Questo, probabilmente perché nel 2020 si sarebbero dovute disputare le olimpiadi (poi rinviate) e la maggior parte degli atleti fecero il tempo di qualificazione con le Vaporfly; bannando queste calzature, si sarebbe dato un vantaggio enorme a chi, fino a quel momento ,avrebbe avuto l’opportunità di usarle.
In questo modo si è dato a tutti la possibilità di usare queste scarpe per qualificarsi alle Olimpiadi.
Provate ad immaginare gli ultimi Km della New York Marathon, con i saliscendi in Central Park, dove solitamente gli atleti fanno la differenza, giocandosi a volte per poche decine di secondi i primi 3 posti sul podio.
La vedreste con lo stesso interesse se ci fosse il dubbio (o forse la certezza) che potesse essere il tipo di calzatura a fare la differenza in quel momento, piuttosto che il talento, l’impegno in allenamento o il temperamento dell’atleta stesso?
Che ne sarebbe della credibilità dello sport che più di altri è alla portata di tutti?
Ricordatevi che stiamo parlando di una disciplina che si contraddistingue dalle altre per il fatto che sono riusciti ad emergere atleti provenienti da alcune delle zone più povere del mondo, malgrado l’assenza di attrezzature e competenze tecniche di particolare rilievo.
Con questo non si vuole dare la colpa alla Nike di aver inventato una scarpa in grado di abbattere la concorrenza per almeno 3 anni; probabilmente già gli altri marchi nel 2019 hanno messo a disposizione dei loro atleti dei prototipi con caratteristiche similari che poi nei prossimi anni saranno commercializzati.
Il fatto è un altro, ed è puramente tecnico: 40mm di spessore di limite (l’attuale limite imposto dalla IAAF) sono un’infinità, nel quale ogni casa costruttrice può giocarsi fin troppo la tecnologia a vantaggio del proprio atleta.

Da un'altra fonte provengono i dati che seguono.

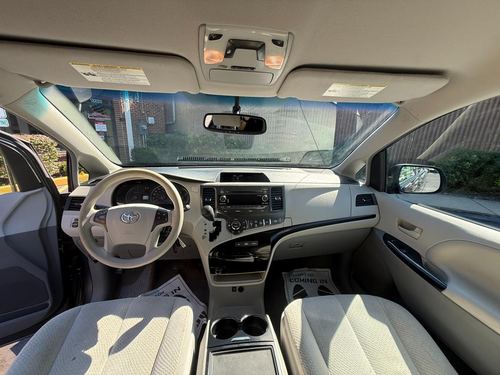 2014 Toyota Sienna — photo 27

In questi anni il beneficio l’hanno avuto gli atleti sponsorizzati dalla Nike, ma nel futuro potrebbero averlo quelli dell’Adidas, o quelle dell’ASICS; le stesse Vaporfly, indossati da atleti diversi possono dare miglioramenti differenti (dallo 0 al 6%…il 4% solo la media).
Allora vogliamo che, tra gli atleti d’elitè, vinca chi ha la fortuna di avere “le scarpe giuste” e “il miglior adattamento alla calzatura”?
I risultati sportivi devono avere un significato.
In altri sport come la F1, è diverso, ma perché sempre stato così.
La ricerca dell’equipaggiamento ideale per il proprio atleta è un diritto delle case produttrici (e fa parte dell’innovazione), ma le federazioni (in questo caso la IAAF) dovrebbero mettere dei paletti più severi, affinchè possa esserci la certezza (o per lo meno provarci) che le differenze dovute alla tecnologia non siano superiori alle differenza tra atleta ed atleta.